Hal itulah yang sudah terlihat di Azerbaijan. Negara yang didukung Turki untuk memerangi Armenia di dalam negerinya itu mulai menutup sejumlah instansi yang dianggap berafiliasi dengan Fethullah Gulen dan gerakannya.
Demi mempertimbangkan hubungan baik antara kedua negara, instansi yang dipaksa tutup oleh pemerintah Azerbaijan, antara lain Universitas Qafqaz di Baku. Perguruan tinggi di ibu kota itu diyakini sebagai universitas pertama yang didirikan Gulen di luar Turki, yakni pada 1993.
“Pendiri universitas itu mendaftarkan sendiri penutupan universitasnya kepada kementerian. Kami menerima permohonan tersebut dan akan membentuk kelompok kerja untuk memastikan para mahasiswanya tetap mendapat hak melanjutkan pendidikan mereka dan dipindahkan ke perguruan tinggi lain,” demikian keterangan resmi dari pihak Kementerian Pendidikan Azerbaijan, seperti dilansir Anadolu Agency, Kamis (21/7/2016).
Selain menyasar perguruan tinggi, media cetak Zaman Azerbaijan hingga laman portal berita mereka di Zaman.az juga mendadak ditutup. Diyakini, media tersebut juga memiliki kedekatan dengan Gulen dan gerakannya.
Dewan Pers Azerbaijan dikabarkan telah memanggil pemimpin redaksi media tersebut. Zaman Azerbaijan mendapat teguran, media ini diminta untuk menunjukkan sensitivitas terhadap insiden kudeta militer yang tengah terjadi di Turki.
“Individu maupun kolektif yang mendukung kudeta militer di Turki, serta berupaya merusak tradisi negara yang berlangsung sejak lama di Turki, serta mempropagandakan kudeta, tidak berhak mengisi media massa di Azerbaijan,”

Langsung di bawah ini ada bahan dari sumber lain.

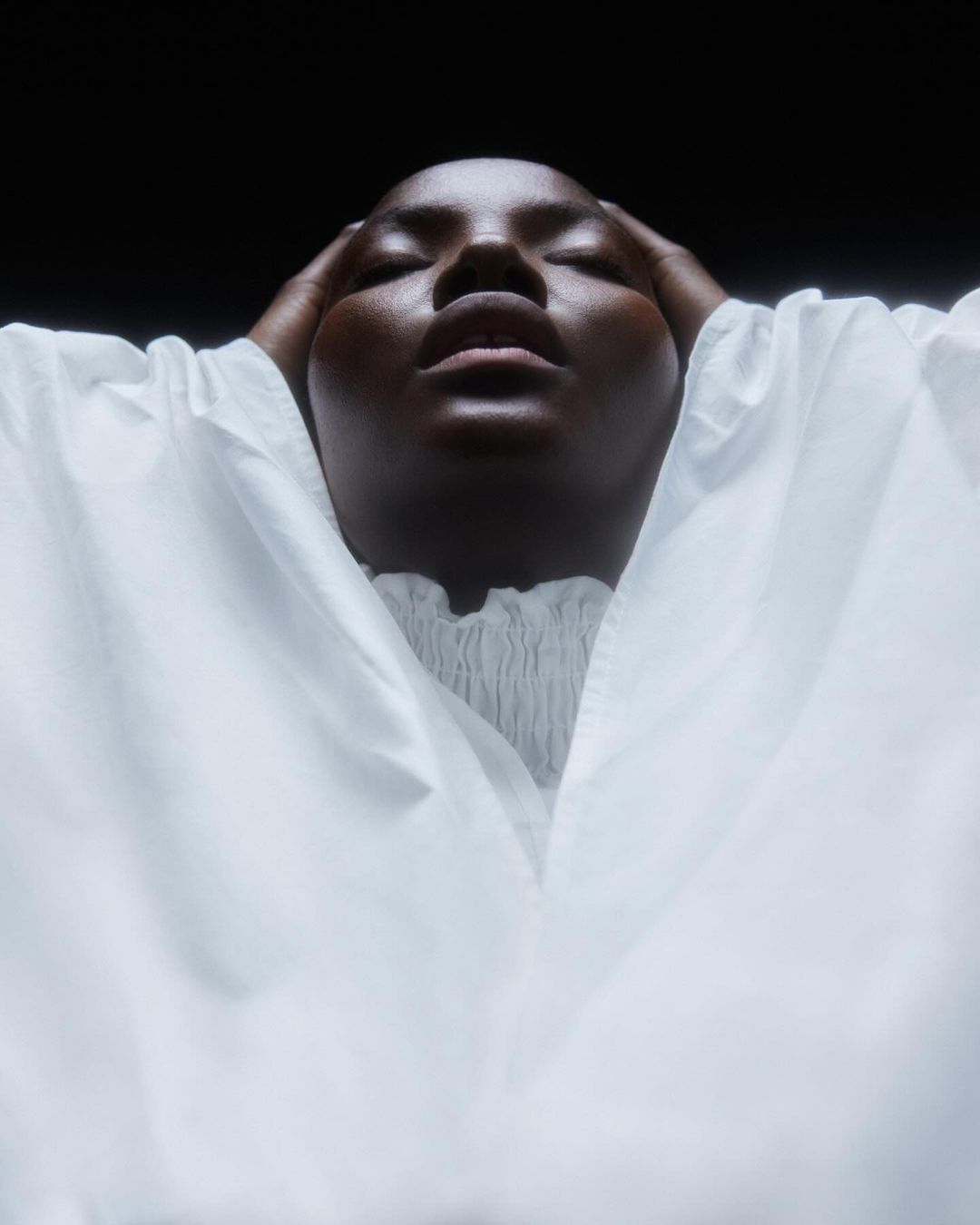 Close-up portrait of a Black woman with eyes closed, hands on her head, wearing a white top against a dark background in a studio setting.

Penutupan instansi yang bertentangan dengan Erdogan semacam ini sebelumnya pernah terjadi pada 2014. Otoritas Azerbaijan menutup 13 pusat pendidikan dan 11 SMA, sesuai permintaan dari Turki. Yang pada saat itu tengah gencar memberantas pergerakan dan ideologi Gulen di negaranya.